Which, of course, she had.
“I was looking for a job in Portland, and the one that brought me here didn’t work out,” she recalls. “Then I learned about Housecall Providers. I had never heard of such an organization before. The beauty of delivering in home care is that I would be able to take my time with my patients. And with these much more complex patients that we have, you need that extra time.”
Now, as one of the more experienced practitioners, Bucio can draw upon her work with her patients to help others understand what it takes to provide the proper care to those with chronic disorders who often can’t tell you what hurts or how they’re feeling.
But when she was hired five years ago, she herself needed that mentoring.
“I had 30 patients that year. I asked a lot of questions, looked a lot of things up. Now, I have 120. It’s taken all of those five years to figure out how to keep all the plates spinning,” she says with a smile. “When you come into someone’s home, you’re the clinic – you’re it.
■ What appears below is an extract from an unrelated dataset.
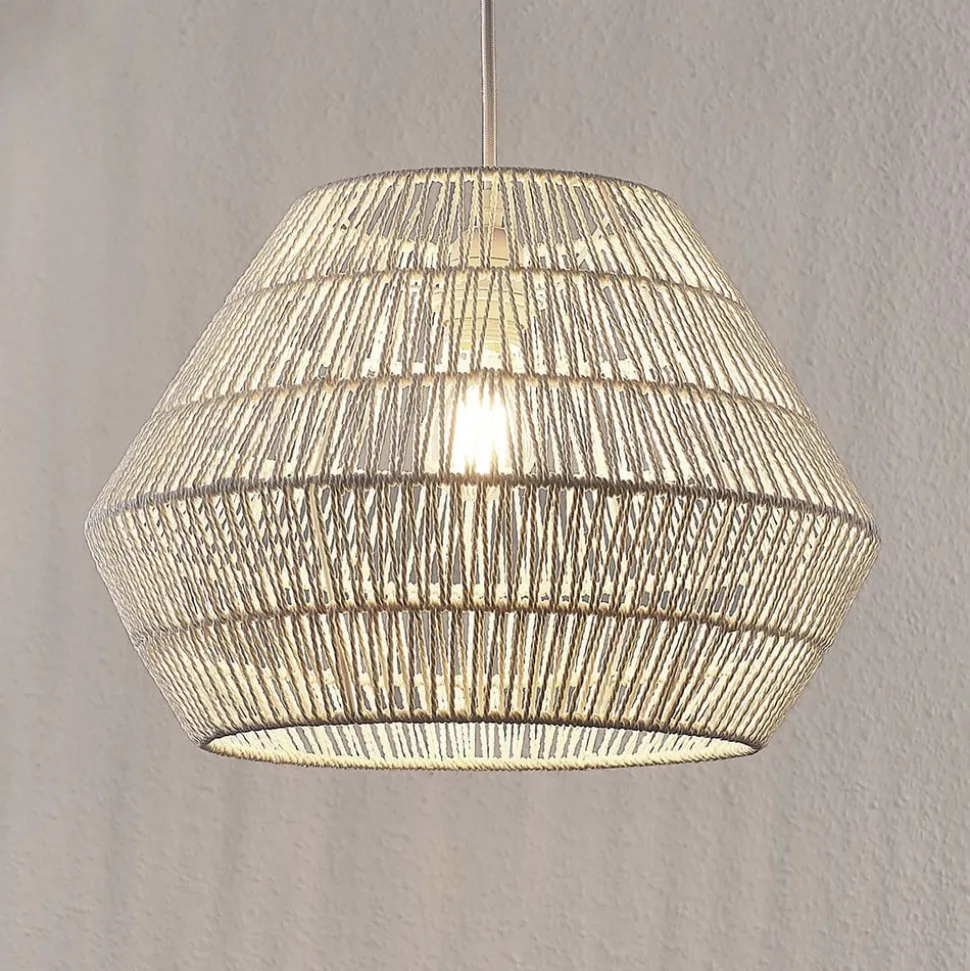 Hanglamp Ottavio van papieren vlechtwerk, wit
The specialists can’t go there, so I need to be able to figure out what they need and, if they need a specialist, explain what’s going on.”
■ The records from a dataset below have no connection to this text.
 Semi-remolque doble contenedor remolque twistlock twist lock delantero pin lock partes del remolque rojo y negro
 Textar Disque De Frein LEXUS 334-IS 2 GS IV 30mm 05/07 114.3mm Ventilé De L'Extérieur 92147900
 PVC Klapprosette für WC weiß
That kind of jack-of-all-trades attitude was handed down to her from an uncle in Mexico. “He was a general surgeon in town but had a little office at the side of the house. Everyone came to him, and he had to do the best he could to help them,” she says.
Her admiration of her uncle’s work developed early.
“I was about seven years old, and I had a little black doctor’s bag filled with Smarties that I carried around as pretend medication that I would prescribe,” she says. “My thought even then was, ‘How am I going to get into health care?’” She spent most of her early life in San Jose, California, but came to Oregon
to finish her bachelor’s work at Linfield College. She got a master’s degree at OHSU, and, with family living in the area, Oregon has become her second home.
Her patients pose multiple challenges. They range in age from their 40s to 103. Conditions include autism, dementia, Alzheimer’s disease, heart disease, pulmonary conditions and cancer. “So many of them simply can’t express anything. I have to go by subtle signals and experience,” she says.
At the end of the day, time is what the values most about Housecall Providers.
“I have more time to spend with each patient, and I have control over my schedule, so I have more quality time with my family than most practitioners do,” she says. “For folks with families, this is an excellent place to work. They understand how important it is to attend a school assembly. They know our kids’ lives are the most precious to us.”